[Entries supplied — start]

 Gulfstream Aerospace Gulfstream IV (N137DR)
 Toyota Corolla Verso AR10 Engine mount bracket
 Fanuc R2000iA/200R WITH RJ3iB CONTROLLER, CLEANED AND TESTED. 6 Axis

[Entries supplied — finish]
[Entries supplied — start]

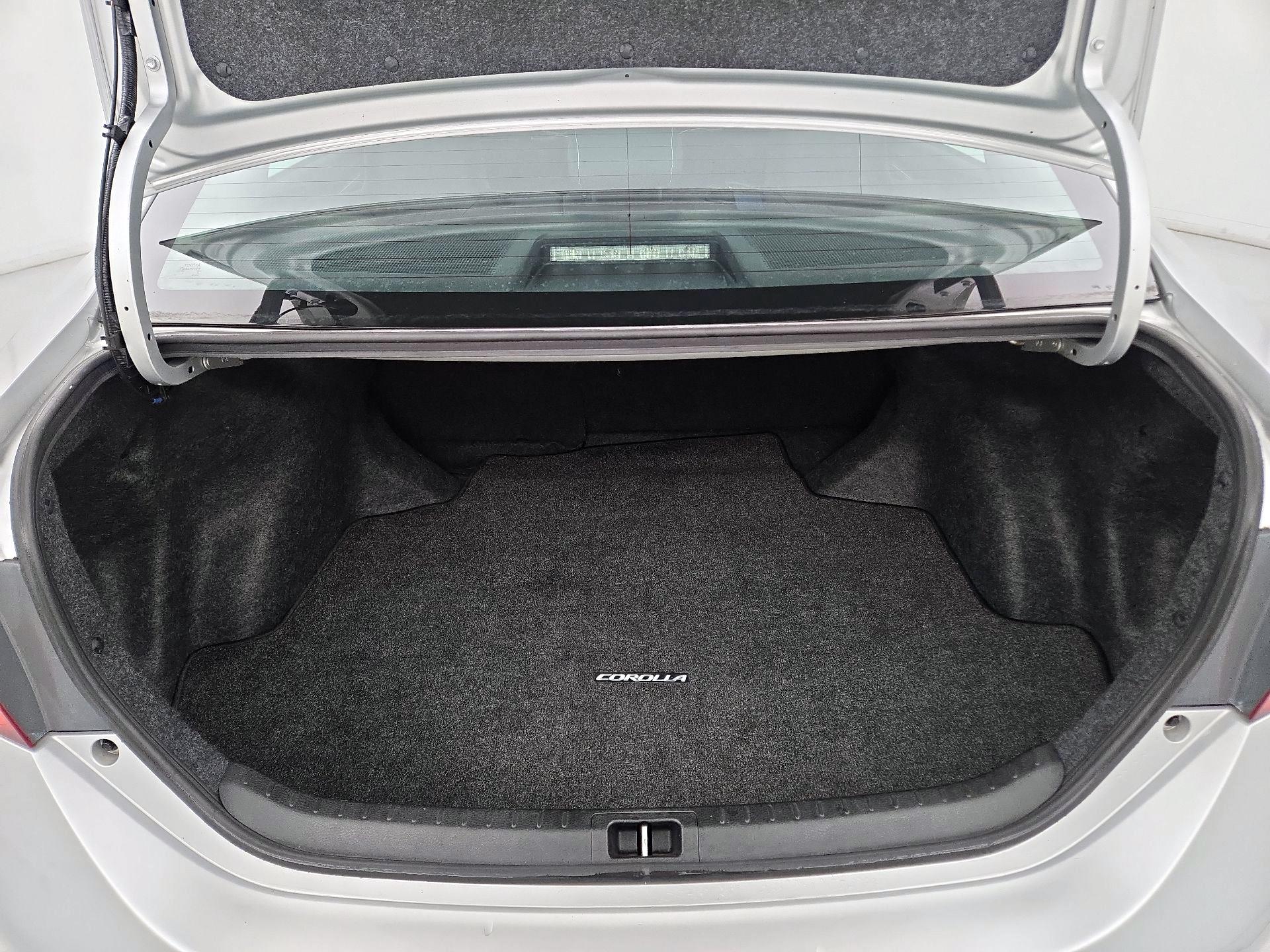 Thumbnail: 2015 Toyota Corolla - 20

[Entries supplied — finish]
[Entries supplied — start]

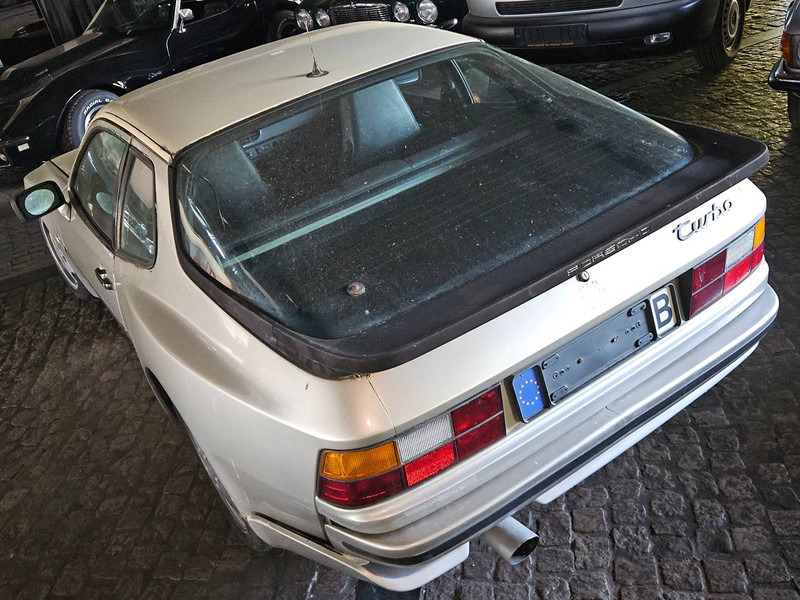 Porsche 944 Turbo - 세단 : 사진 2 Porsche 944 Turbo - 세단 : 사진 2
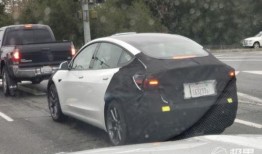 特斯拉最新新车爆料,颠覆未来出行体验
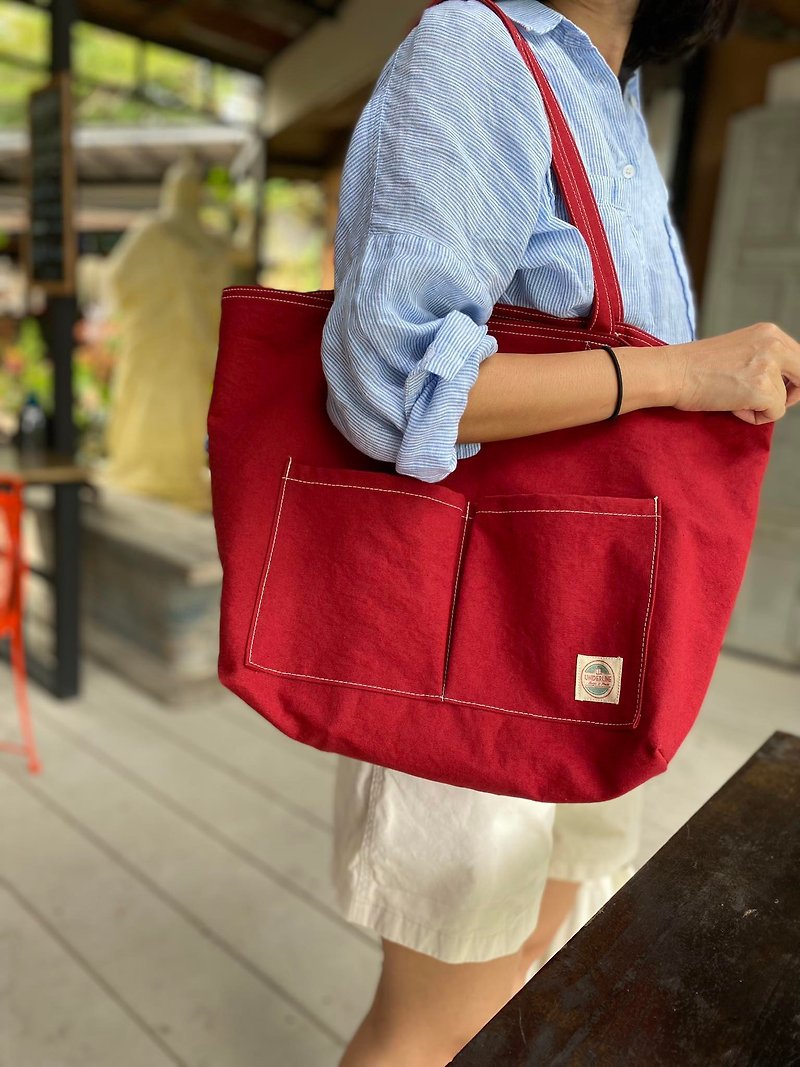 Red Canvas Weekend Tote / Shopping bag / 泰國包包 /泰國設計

[Entries supplied — finish]

## Work to be completed:
Please return only the lines above, starting at the line that has "Gulfstream Aerospace Gulfstream IV (N137DR)" and ending at the line that has "Fanuc R2000iA/200R WITH", keeping both and leaving each one unchanged.

## Answer to this exercise:
 Gulfstream Aerospace Gulfstream IV (N137DR)
 Toyota Corolla Verso AR10 Engine mount bracket
 Fanuc R2000iA/200R WITH RJ3iB CONTROLLER, CLEANED AND TESTED. 6 Axis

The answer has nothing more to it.